Much of the media coverage of this Nature The paper suggests that researchers have created a wormhole. What are your thoughts on these claims?

Heckman: To imply that wormhole traversals are actually happening in our world is pretty misleading. The author of the article and the news outlets covering it are engaged in a highly irresponsible presentation of the work.

This particular gravity model works best when the number of qubits is very large, such as approaching infinity, which is currently not possible. As such, researchers address this by using deep learning networks to build sufficiently small quanta. A system that retains sufficient gravitational properties to operate in a nine-qubit system and still holds true. In this case, are we going to learn anything about quantum gravity from the Sycamore system?

So, a priori, I could have done the whole experiment without saying anything about AdS/CFT support or links to wormholes. In fact, the entire experiment could have been run on a conventional machine. It would have taken longer.

Balasubramanian: It’s similar to Pixar’s version of the wormhole in that it’s a lab-made wormhole, but it’s not what you see on screen. It’s more like raw code running in the background. It’s not converted to a readable image, but theoretically it is possible. This image may look like a traversable wormhole, but it is not.

Again, they’re not building wormholes in our world. It takes a mental gymnastics to say they did. Basically, the “double” description of gravity in those systems should be considered real-world.

In any case, they produced fascinating quantum phenomena in systems that are very difficult to simulate with computers.
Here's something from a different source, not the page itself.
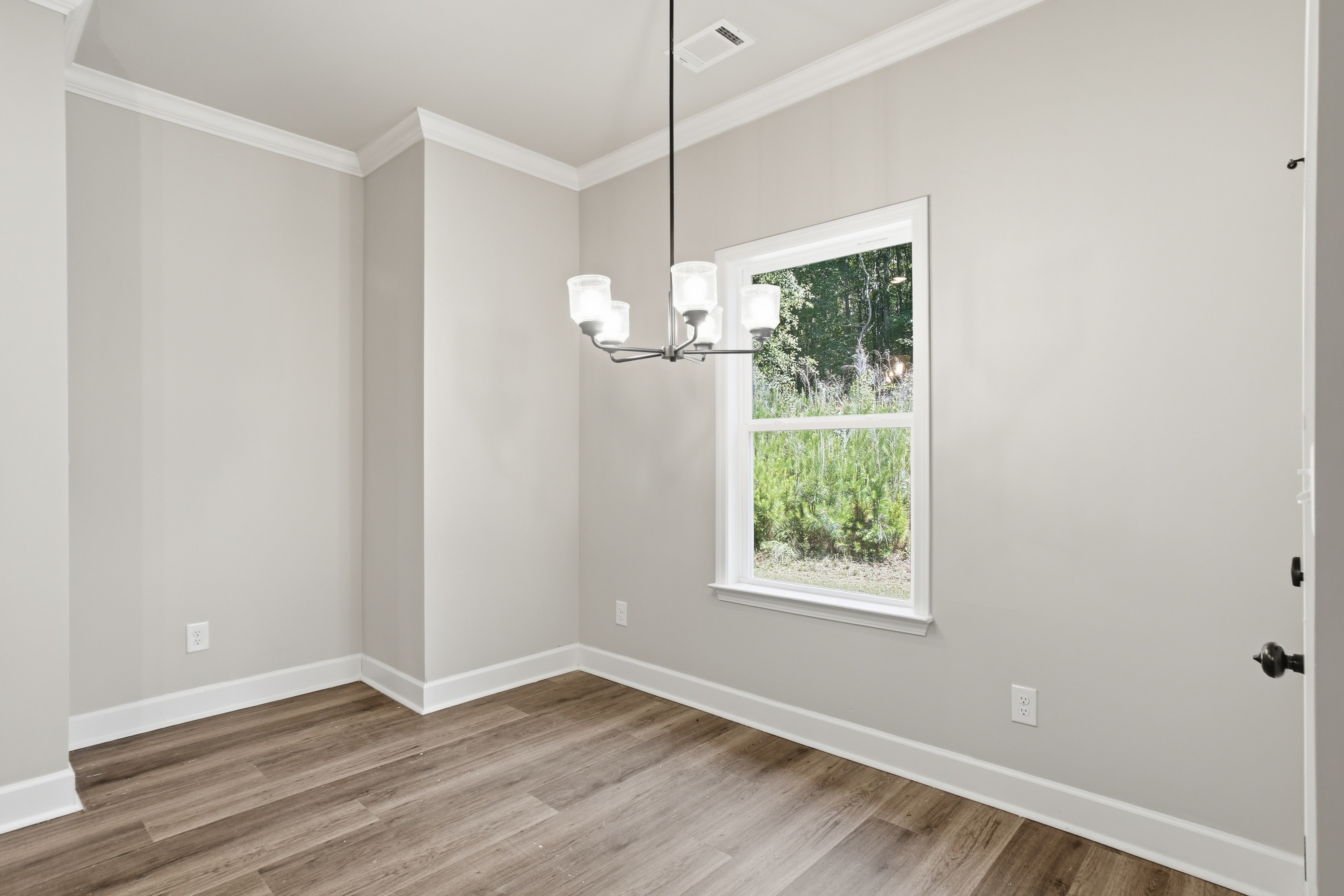 Photo 15 of 41 of 45 Hawthorn Ln, Covington, GA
This is a step towards simulating complex interacting systems with quantum computers, and what is interesting is that one of the most useful applications of quantum computing is to study physics such as protein folding in living cells. This is because it simulates the interaction of This is very difficult to do on a normal machine, so there is a drive to improve this technology beyond just gathering insights into theoretical physics models.